# The problem
The reply is to be the lines from the one with "(พร้อมส่ง) เล็บปลอม กันน้ํา" through the last line of the records below, each retyped exactly, with pictures left out.

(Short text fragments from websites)
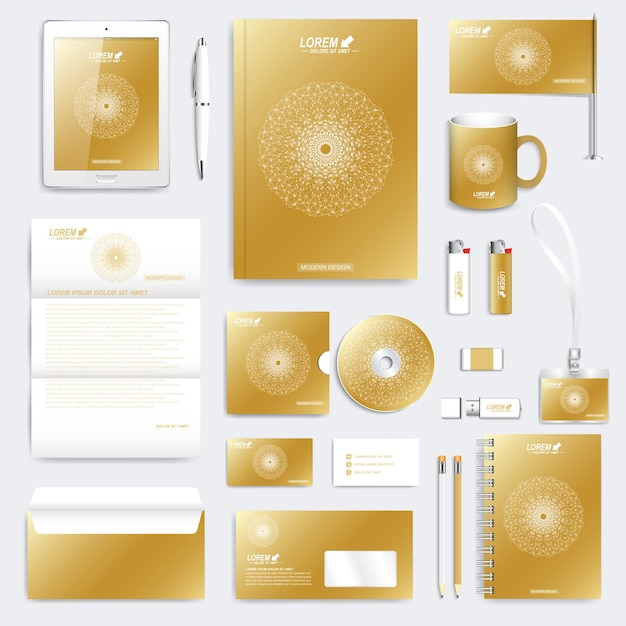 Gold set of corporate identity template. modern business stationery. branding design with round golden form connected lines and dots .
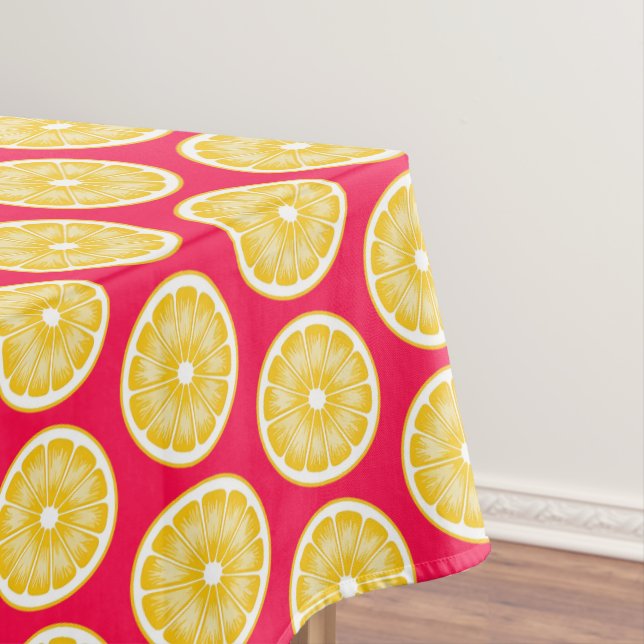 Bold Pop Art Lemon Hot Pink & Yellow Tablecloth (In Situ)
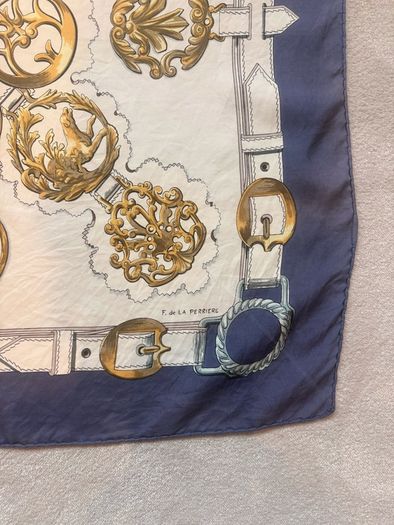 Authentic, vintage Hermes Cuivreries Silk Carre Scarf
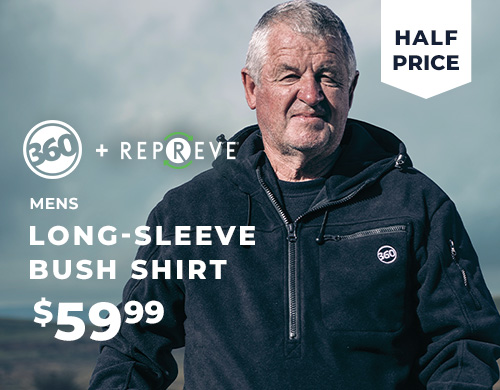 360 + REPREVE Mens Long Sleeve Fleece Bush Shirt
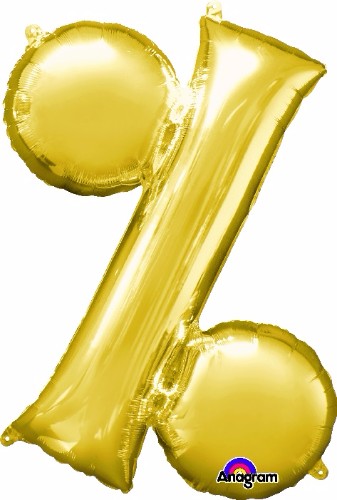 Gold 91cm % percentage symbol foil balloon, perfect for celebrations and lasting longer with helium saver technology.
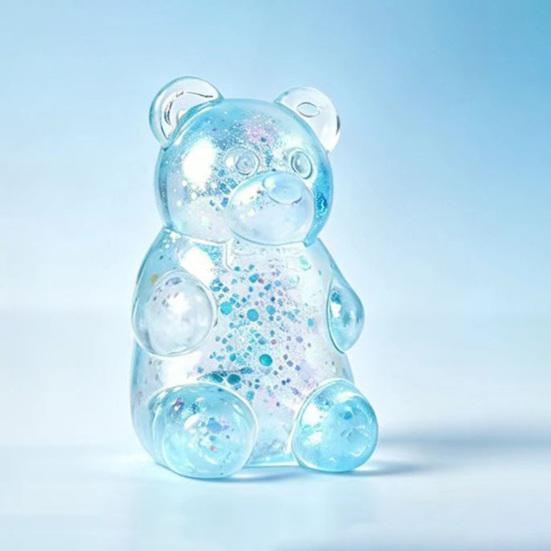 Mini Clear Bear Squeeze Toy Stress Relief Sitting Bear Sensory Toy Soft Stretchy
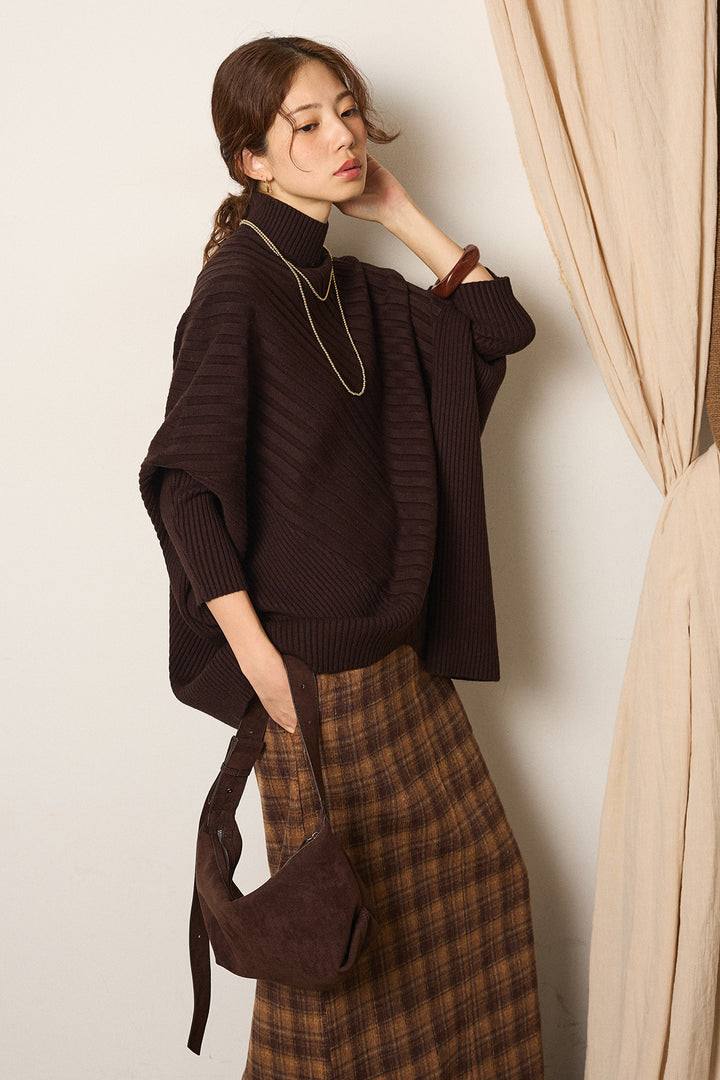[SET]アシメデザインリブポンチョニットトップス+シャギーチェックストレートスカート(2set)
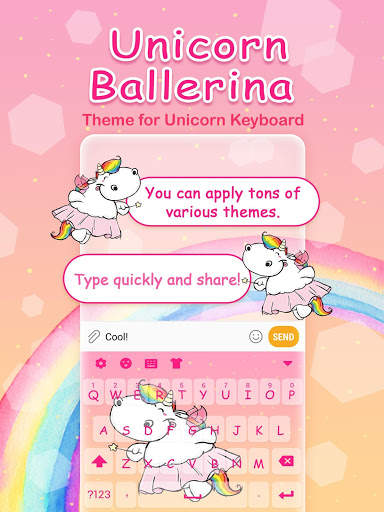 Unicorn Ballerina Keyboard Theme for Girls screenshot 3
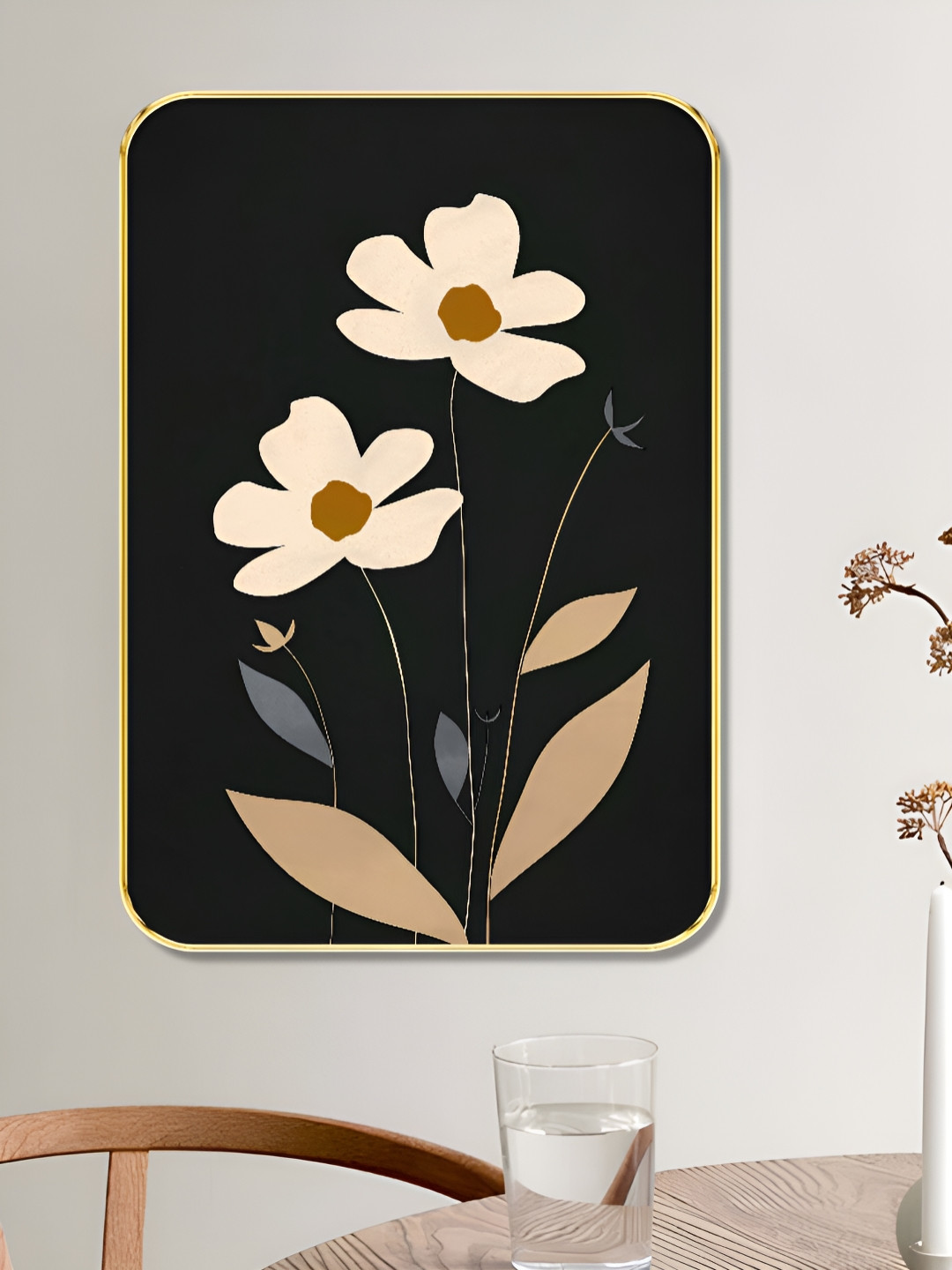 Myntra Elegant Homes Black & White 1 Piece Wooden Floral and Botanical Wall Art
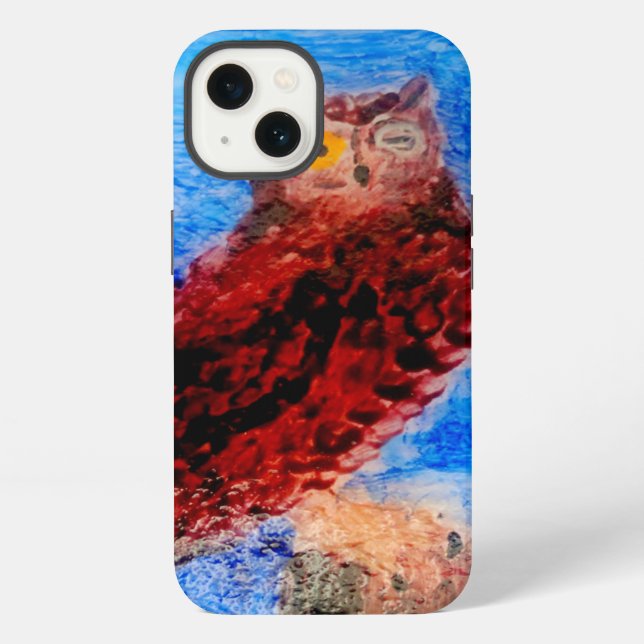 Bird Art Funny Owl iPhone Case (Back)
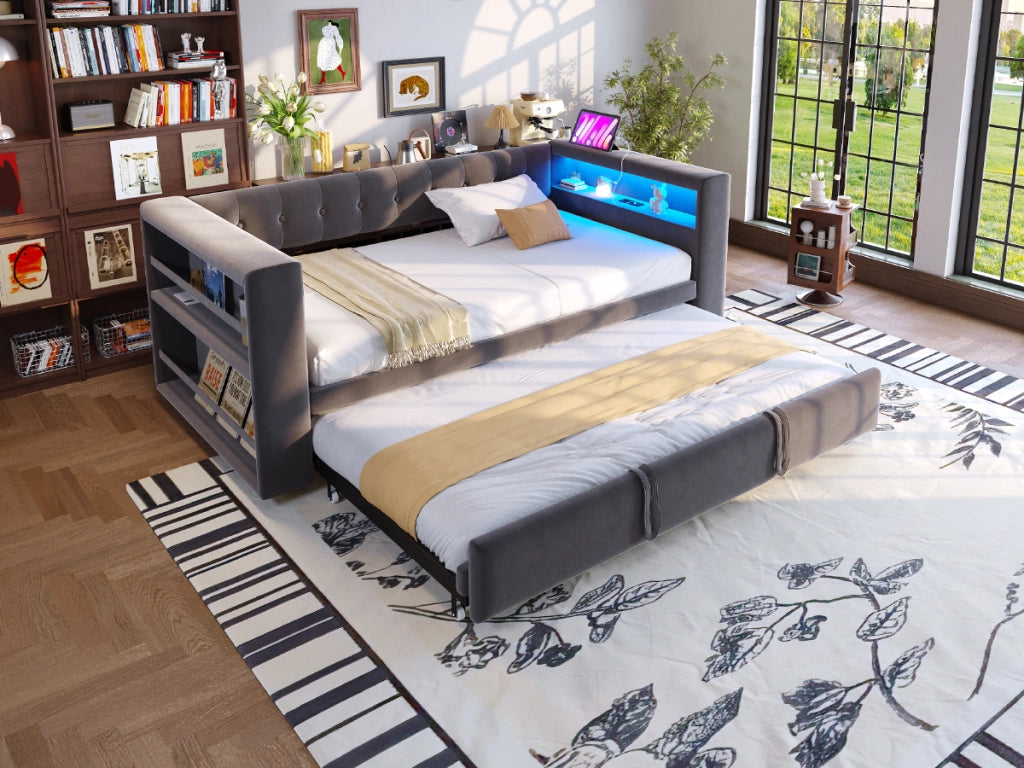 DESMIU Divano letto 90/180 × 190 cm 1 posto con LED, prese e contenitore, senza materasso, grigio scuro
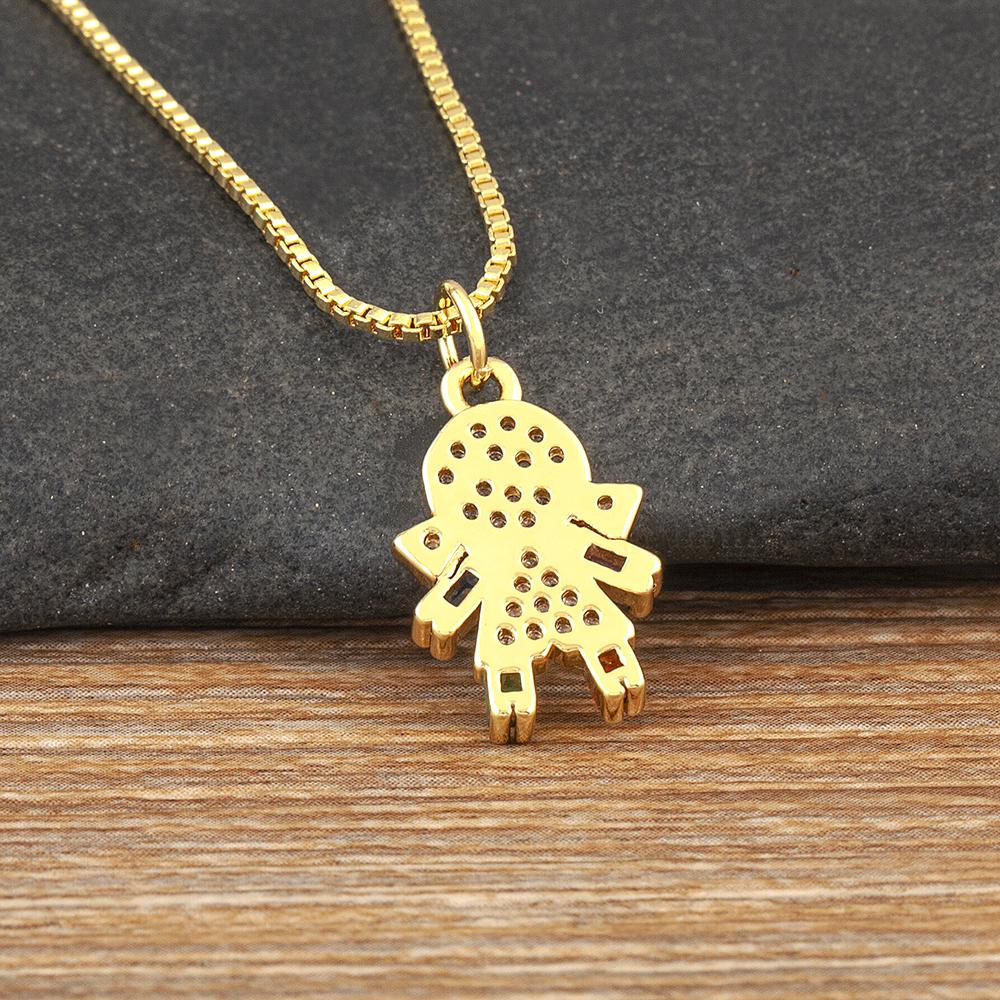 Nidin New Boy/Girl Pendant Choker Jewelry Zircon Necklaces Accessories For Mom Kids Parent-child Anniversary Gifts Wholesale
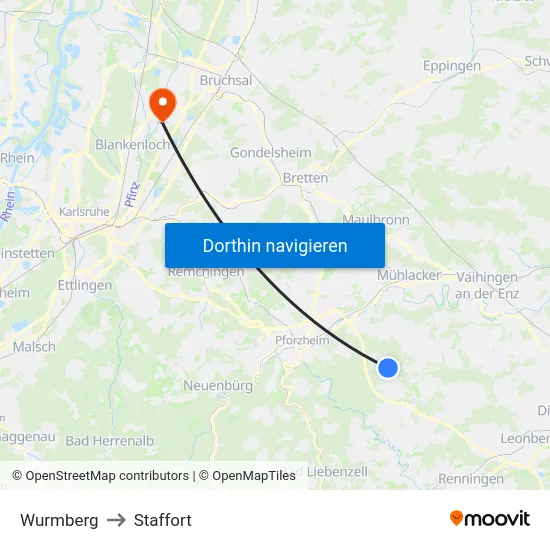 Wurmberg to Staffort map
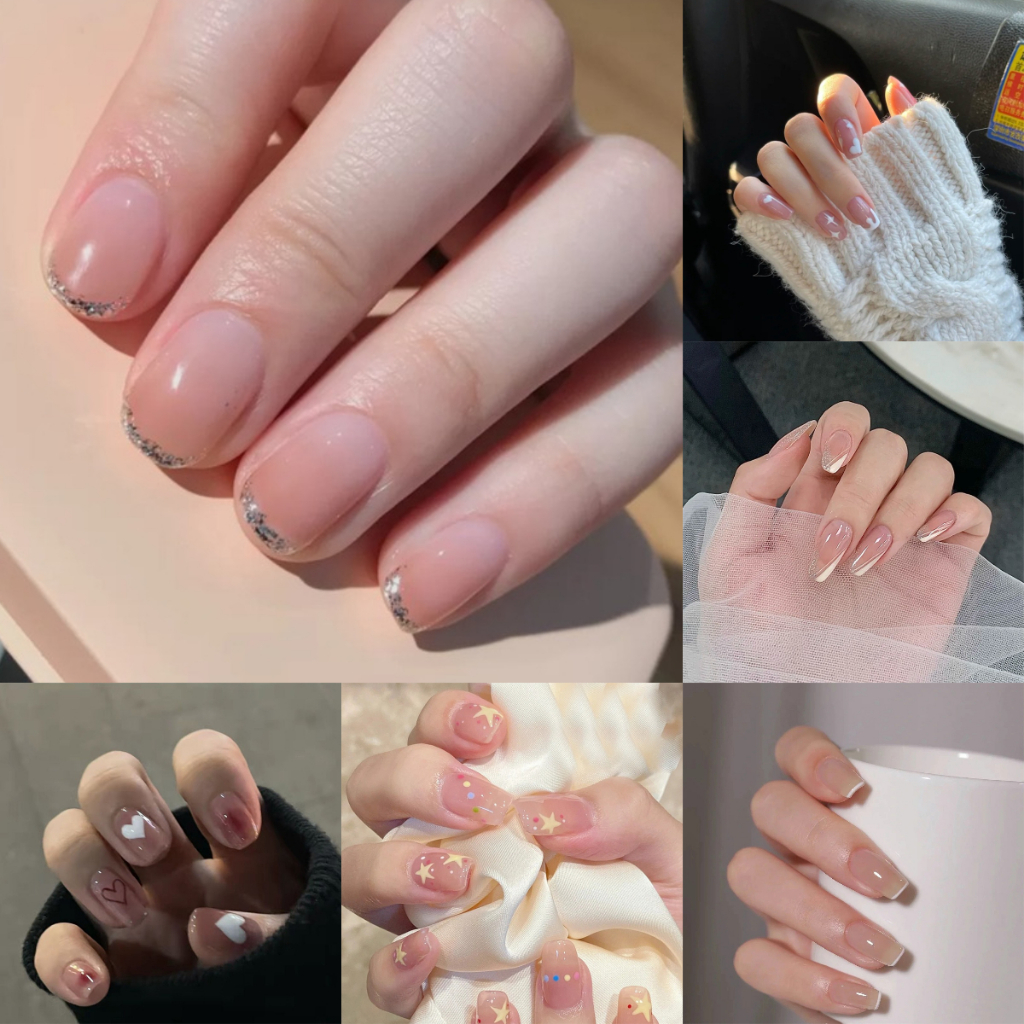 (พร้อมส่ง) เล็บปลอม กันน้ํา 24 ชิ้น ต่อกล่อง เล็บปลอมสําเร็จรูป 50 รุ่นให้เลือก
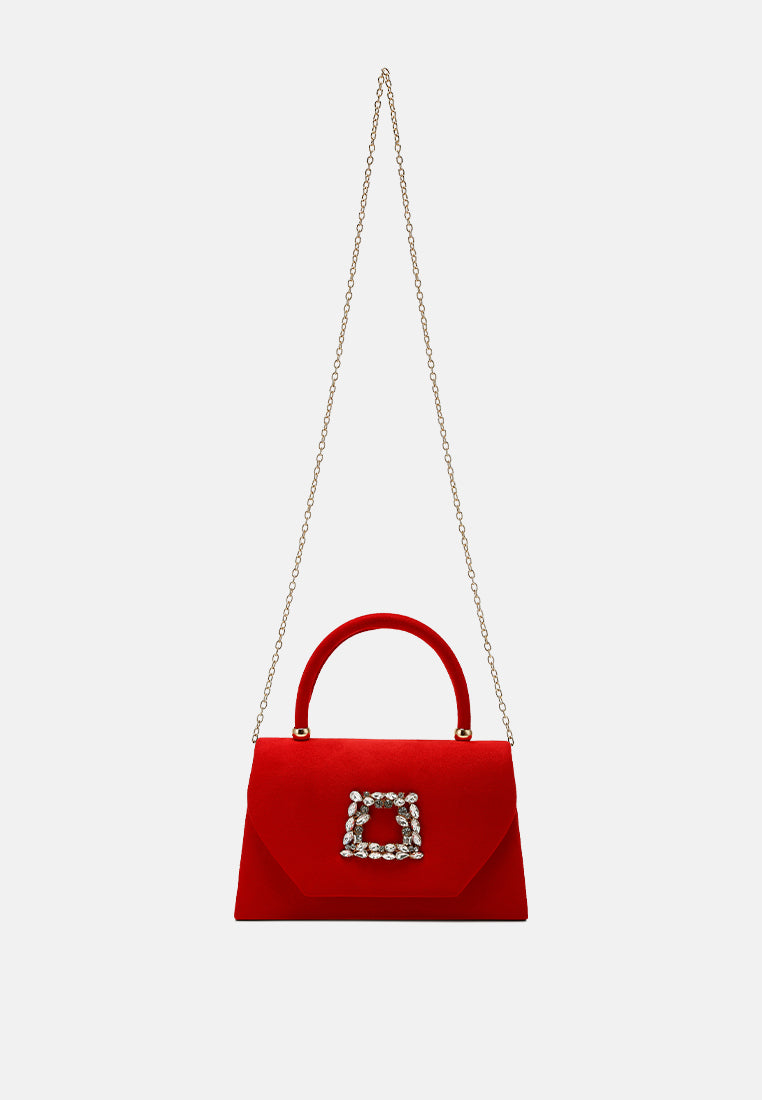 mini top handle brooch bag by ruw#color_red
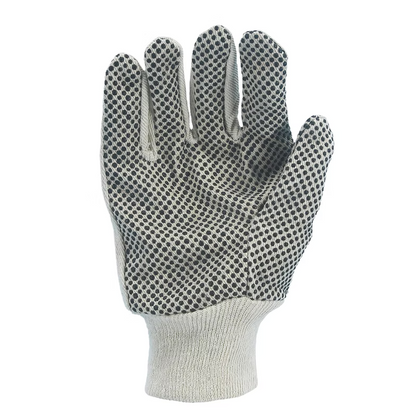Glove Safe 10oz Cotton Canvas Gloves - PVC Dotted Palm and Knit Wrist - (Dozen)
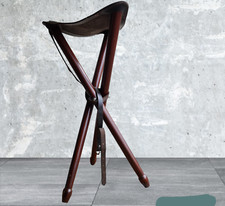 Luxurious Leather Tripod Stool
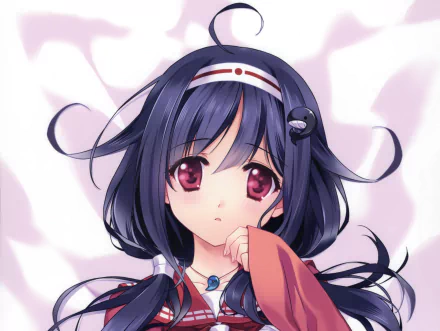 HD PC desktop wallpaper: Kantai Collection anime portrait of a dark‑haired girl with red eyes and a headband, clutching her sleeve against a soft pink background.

# Written response
 (พร้อมส่ง) เล็บปลอม กันน้ํา 24 ชิ้น ต่อกล่อง เล็บปลอมสําเร็จรูป 50 รุ่นให้เลือก
 mini top handle brooch bag by ruw#color_red
Glove Safe 10oz Cotton Canvas Gloves - PVC Dotted Palm and Knit Wrist - (Dozen)
 Luxurious Leather Tripod Stool
 HD PC desktop wallpaper: Kantai Collection anime portrait of a dark‑haired girl with red eyes and a headband, clutching her sleeve against a soft pink background.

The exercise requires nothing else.